The campaign was penned by the Marsteller advertising agency at the urging of the CEO of Danone's U.S. division at the time, Juan Metzger; he wished to market Dannon yogurt in a more health-conscious direction. The production crew travelled to Abkhazia in July 1976 to film the spots.

In October 1976, the first commercials aired on U.S. television, and the first print advertisements were run in TIME and Newsweek.
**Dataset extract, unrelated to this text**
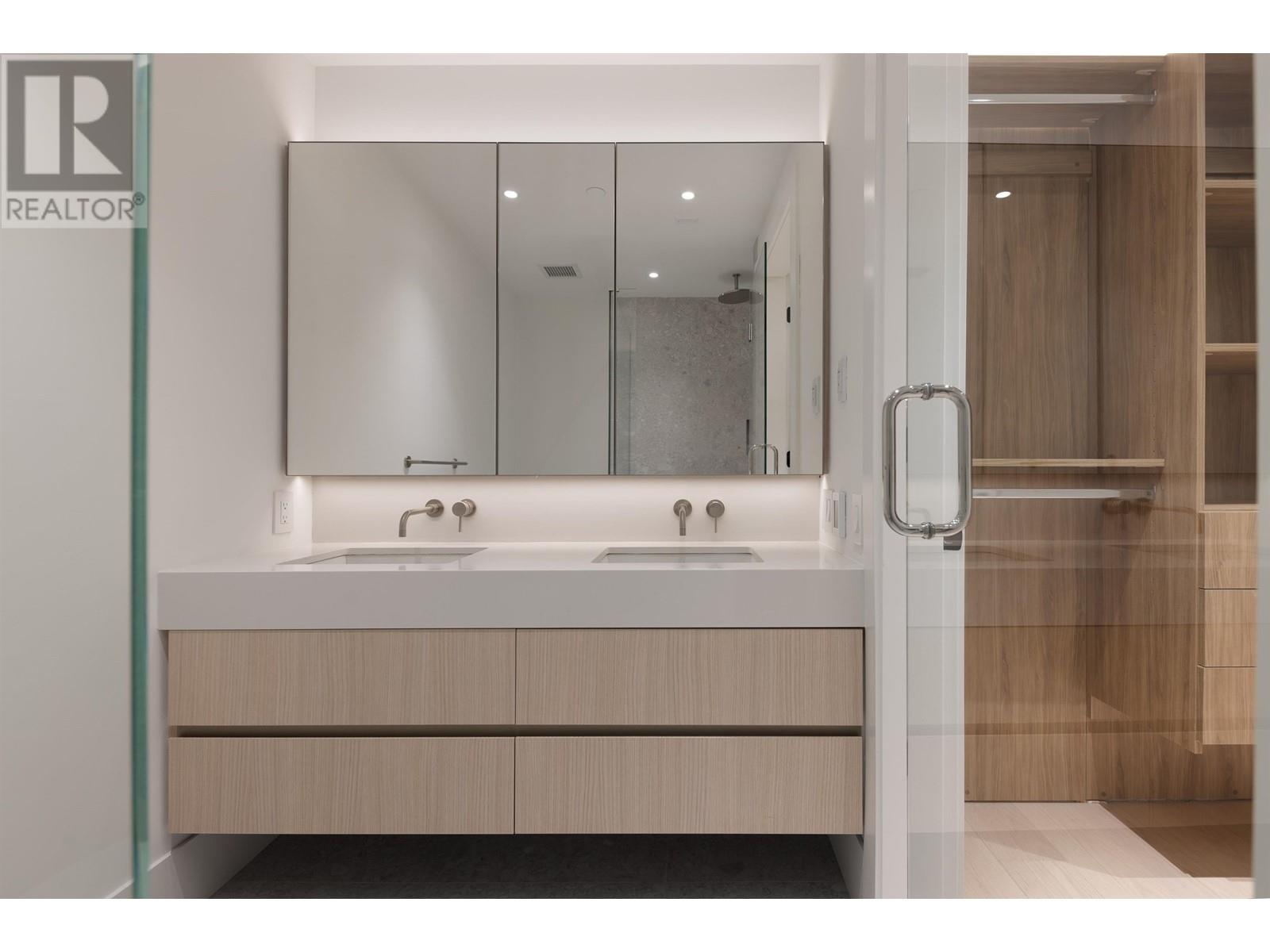 772 W 27TH AVENUE, Vancouver real estate listing R2986156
Similar ad campaigns followed in 1977 and 1978. The commercial entitled Son of Russia won a Clio Award in 1978. It was written by Steve Kasloff and the creative director was Peter Lubalin.

==Television commercials==

In the commercials, shots of elderly Georgian farmers were interspersed with an off-camera announcer intoning, "In Soviet Georgia, where they eat a lot of yogurt, a lot of people live past 100." Each shot had a caption at the bottom, which would tell the audience the farmer's name and his or her age, which ranged from 95 to 105. One such commercial ended with a shot of an old man eating Dannon yogurt, with a woman who was purported to be his 114-year-old mother looking at him fondly. The announcer said, "89-year old Bagrat Tabaghua... ate two cups. That pleased his mother very much." The actual ages of the farmers shown were disputed afterwards and were never proven by the Dannon company.
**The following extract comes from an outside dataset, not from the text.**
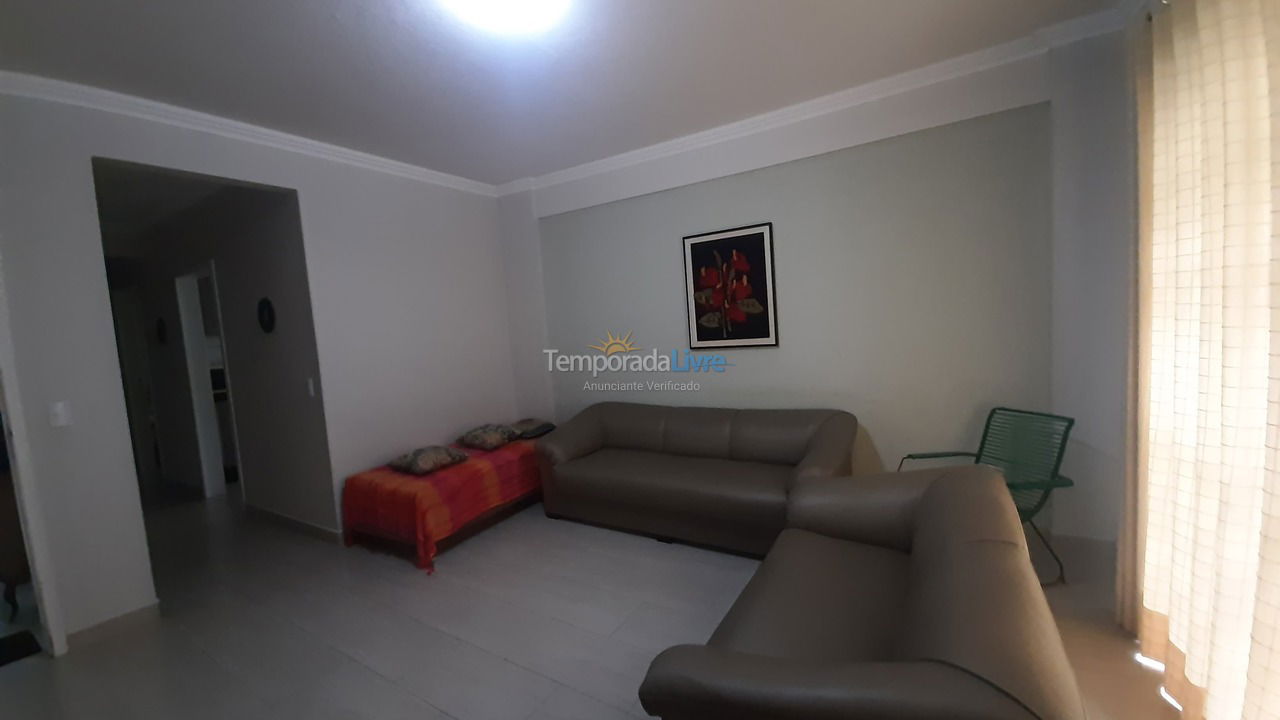 Apartamento para aluguel de temporada em Balneário Camboriú (Praia Central)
==Success of the campaign==

Advertising periodicals such as Advertising Age, The Chief Executive, and The Wise Marketer cited the commercials as a good example of business strategy. In the case of Advertising Age, they ranked In Soviet Georgia in the Top 50 of the best TV commercials of all time and #89 on the list of the 100 Greatest Advertising Campaigns.

Marketing analysts for The Wise Marketer noted that after the In Soviet Georgia ads, the Dannon company reversed a loss trend and started making profits in 1975, which would not end until the fiscal year 1990, when price hikes for yogurt across the board caused sales to decline.

==Reruns==

Starting in 1996, the ads were replayed on the classic television channel TV Land, and its offshoot, TV Land Canada.